(Saved entries)
◇ ◇ ◇

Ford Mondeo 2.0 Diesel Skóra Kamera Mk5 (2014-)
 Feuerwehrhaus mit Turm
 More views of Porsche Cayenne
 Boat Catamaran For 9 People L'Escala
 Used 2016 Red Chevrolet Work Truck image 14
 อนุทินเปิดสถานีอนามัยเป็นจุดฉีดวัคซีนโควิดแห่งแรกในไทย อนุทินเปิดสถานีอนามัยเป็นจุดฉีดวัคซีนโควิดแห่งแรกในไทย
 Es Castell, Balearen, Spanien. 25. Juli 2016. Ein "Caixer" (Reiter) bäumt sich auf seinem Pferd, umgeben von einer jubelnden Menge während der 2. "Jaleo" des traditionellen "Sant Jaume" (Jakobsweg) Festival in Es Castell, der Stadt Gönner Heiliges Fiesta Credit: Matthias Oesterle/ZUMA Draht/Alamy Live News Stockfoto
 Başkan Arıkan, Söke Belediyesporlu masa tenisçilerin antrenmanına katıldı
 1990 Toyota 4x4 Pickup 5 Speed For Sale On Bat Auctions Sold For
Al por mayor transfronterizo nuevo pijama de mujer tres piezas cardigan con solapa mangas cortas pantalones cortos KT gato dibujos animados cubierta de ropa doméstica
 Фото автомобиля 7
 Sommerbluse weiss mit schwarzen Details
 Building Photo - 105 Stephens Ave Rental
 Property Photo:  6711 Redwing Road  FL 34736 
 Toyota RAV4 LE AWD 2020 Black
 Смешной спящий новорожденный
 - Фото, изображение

◇ ◇ ◇

### [What is required]
Each line above needs to be written out again exactly.

### [Completed task]
Ford Mondeo 2.0 Diesel Skóra Kamera Mk5 (2014-)
 Feuerwehrhaus mit Turm
 More views of Porsche Cayenne
 Boat Catamaran For 9 People L'Escala
 Used 2016 Red Chevrolet Work Truck image 14
 อนุทินเปิดสถานีอนามัยเป็นจุดฉีดวัคซีนโควิดแห่งแรกในไทย อนุทินเปิดสถานีอนามัยเป็นจุดฉีดวัคซีนโควิดแห่งแรกในไทย
 Es Castell, Balearen, Spanien. 25. Juli 2016. Ein "Caixer" (Reiter) bäumt sich auf seinem Pferd, umgeben von einer jubelnden Menge während der 2. "Jaleo" des traditionellen "Sant Jaume" (Jakobsweg) Festival in Es Castell, der Stadt Gönner Heiliges Fiesta Credit: Matthias Oesterle/ZUMA Draht/Alamy Live News Stockfoto
 Başkan Arıkan, Söke Belediyesporlu masa tenisçilerin antrenmanına katıldı
 1990 Toyota 4x4 Pickup 5 Speed For Sale On Bat Auctions Sold For
Al por mayor transfronterizo nuevo pijama de mujer tres piezas cardigan con solapa mangas cortas pantalones cortos KT gato dibujos animados cubierta de ropa doméstica
 Фото автомобиля 7
 Sommerbluse weiss mit schwarzen Details
 Building Photo - 105 Stephens Ave Rental
 Property Photo:  6711 Redwing Road  FL 34736 
 Toyota RAV4 LE AWD 2020 Black
 Смешной спящий новорожденный
 - Фото, изображение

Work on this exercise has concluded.